• **WORK TASK**
Pick every line out of the entries below that has the string "Shirt", and copy it.

• **THE DATA**
▼▼▼
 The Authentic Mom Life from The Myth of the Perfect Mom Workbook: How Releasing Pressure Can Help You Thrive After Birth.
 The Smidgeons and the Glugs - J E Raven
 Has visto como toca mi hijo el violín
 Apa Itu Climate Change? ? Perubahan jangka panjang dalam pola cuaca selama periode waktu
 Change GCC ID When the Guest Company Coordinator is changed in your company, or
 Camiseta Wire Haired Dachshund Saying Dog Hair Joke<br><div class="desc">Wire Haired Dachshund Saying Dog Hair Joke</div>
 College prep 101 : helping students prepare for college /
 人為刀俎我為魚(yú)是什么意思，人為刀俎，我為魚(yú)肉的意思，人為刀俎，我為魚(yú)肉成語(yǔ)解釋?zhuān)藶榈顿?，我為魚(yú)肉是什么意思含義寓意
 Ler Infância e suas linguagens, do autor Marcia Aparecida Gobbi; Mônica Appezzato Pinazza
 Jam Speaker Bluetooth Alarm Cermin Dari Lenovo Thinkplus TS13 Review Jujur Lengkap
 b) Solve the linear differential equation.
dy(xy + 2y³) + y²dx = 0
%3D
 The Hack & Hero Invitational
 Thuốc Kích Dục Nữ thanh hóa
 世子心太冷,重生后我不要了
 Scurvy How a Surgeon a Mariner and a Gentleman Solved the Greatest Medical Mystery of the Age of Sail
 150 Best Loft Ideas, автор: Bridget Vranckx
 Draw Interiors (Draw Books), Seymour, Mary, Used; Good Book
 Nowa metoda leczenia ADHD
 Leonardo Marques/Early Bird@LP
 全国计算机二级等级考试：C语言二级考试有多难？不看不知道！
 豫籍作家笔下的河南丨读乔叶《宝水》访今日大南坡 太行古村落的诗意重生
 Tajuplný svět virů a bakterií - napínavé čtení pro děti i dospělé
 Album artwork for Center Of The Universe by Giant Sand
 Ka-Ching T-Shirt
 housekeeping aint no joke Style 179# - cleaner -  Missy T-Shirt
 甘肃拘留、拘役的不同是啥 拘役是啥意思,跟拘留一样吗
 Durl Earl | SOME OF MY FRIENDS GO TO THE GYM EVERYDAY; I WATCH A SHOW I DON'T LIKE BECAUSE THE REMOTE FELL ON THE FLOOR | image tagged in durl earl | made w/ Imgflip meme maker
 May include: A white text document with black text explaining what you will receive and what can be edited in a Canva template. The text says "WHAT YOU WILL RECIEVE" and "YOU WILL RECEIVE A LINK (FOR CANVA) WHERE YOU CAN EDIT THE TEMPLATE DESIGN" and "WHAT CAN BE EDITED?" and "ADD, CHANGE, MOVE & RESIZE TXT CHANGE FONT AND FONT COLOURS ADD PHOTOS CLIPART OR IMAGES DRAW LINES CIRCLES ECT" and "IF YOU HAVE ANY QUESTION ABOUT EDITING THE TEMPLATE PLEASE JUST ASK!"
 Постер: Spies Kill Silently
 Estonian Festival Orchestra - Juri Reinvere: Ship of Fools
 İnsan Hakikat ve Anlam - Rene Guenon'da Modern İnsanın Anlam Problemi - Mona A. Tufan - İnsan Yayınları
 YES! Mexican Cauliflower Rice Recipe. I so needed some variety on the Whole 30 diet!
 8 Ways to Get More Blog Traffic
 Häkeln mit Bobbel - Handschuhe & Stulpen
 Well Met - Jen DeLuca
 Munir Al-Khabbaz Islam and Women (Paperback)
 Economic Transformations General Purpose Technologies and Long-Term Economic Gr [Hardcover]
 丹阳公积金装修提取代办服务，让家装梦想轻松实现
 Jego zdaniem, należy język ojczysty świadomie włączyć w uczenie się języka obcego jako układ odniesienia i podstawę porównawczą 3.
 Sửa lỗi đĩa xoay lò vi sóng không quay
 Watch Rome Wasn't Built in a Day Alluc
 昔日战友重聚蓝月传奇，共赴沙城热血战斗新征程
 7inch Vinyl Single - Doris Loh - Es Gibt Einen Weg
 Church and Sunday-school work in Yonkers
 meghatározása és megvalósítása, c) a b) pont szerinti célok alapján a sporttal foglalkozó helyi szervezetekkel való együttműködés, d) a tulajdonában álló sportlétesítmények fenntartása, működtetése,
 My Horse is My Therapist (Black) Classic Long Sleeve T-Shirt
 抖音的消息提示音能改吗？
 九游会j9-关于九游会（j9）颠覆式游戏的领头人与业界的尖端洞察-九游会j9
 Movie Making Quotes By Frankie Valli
▲▲▲
• **SOLUTION FOR THIS PROBLEM**
 Ka-Ching T-Shirt
 housekeeping aint no joke Style 179# - cleaner -  Missy T-Shirt
 My Horse is My Therapist (Black) Classic Long Sleeve T-Shirt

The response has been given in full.